The Worldwide Fund for Nature (WWF, formerly the World Wildlife Fund) has just published a report on 10 years of new discoveries of plants and animals in the Amazon system.
The launch of the report has been timed to coincide with Conference of Parties of the Convention for Biological Diversity, in Japan.
Entitled "Amazon Alive! A decade of discovery 1999-2009", the report summarises the new species of plants, mammals, birds, invertebrates, amphibians, reptiles – and, of course, fishes – scientifically described from the Amazon system during the past decade. Although we may perhaps be interested largely in the fishes, it is important to remember that all the flora and fauna combine to form a single immense ecosystem.

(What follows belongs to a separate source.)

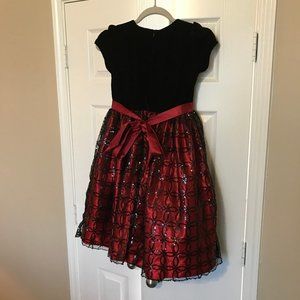 Beautiful Red/Black sleeveless Dress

And that is the real import of this work – the Amazon system is a vast natural resource of great ecological value to our planet. Hence the report begins with an introductory section covering geography, biodiversity, history, and so forth, to set the scene.
This is followed by sections on the various categories of flora and fauna (mammals, birds, etc) and their new species; these sections are not just lists of names, but include interesting biological and ecological information on some of the new species.
The main text concludes with a look at the threats posed to the Amazon by human activities and climate change, and what can be done to ensure its future conservation.
In addition there is an extensive bibliography and an index of all the new species.
The whole is illustrated with stunning photographs of flora, fauna, and scenery.
The total number of new fish species described during the study period was 257, but as catfish and Apistogramma enthusiasts will be well aware, far more have been discovered and collected for the hobby without yet being named and catalogued by science. This is inevitable as a lot of work is required to describe species to modern ichthyological standards.
But the recognition of the existence of fishes is a refreshing change from the majority of Amazon TV documentaries and books that rarely venture below the water’s surface, and where fishes are seen only when being caught and eaten by humans and other wildlife!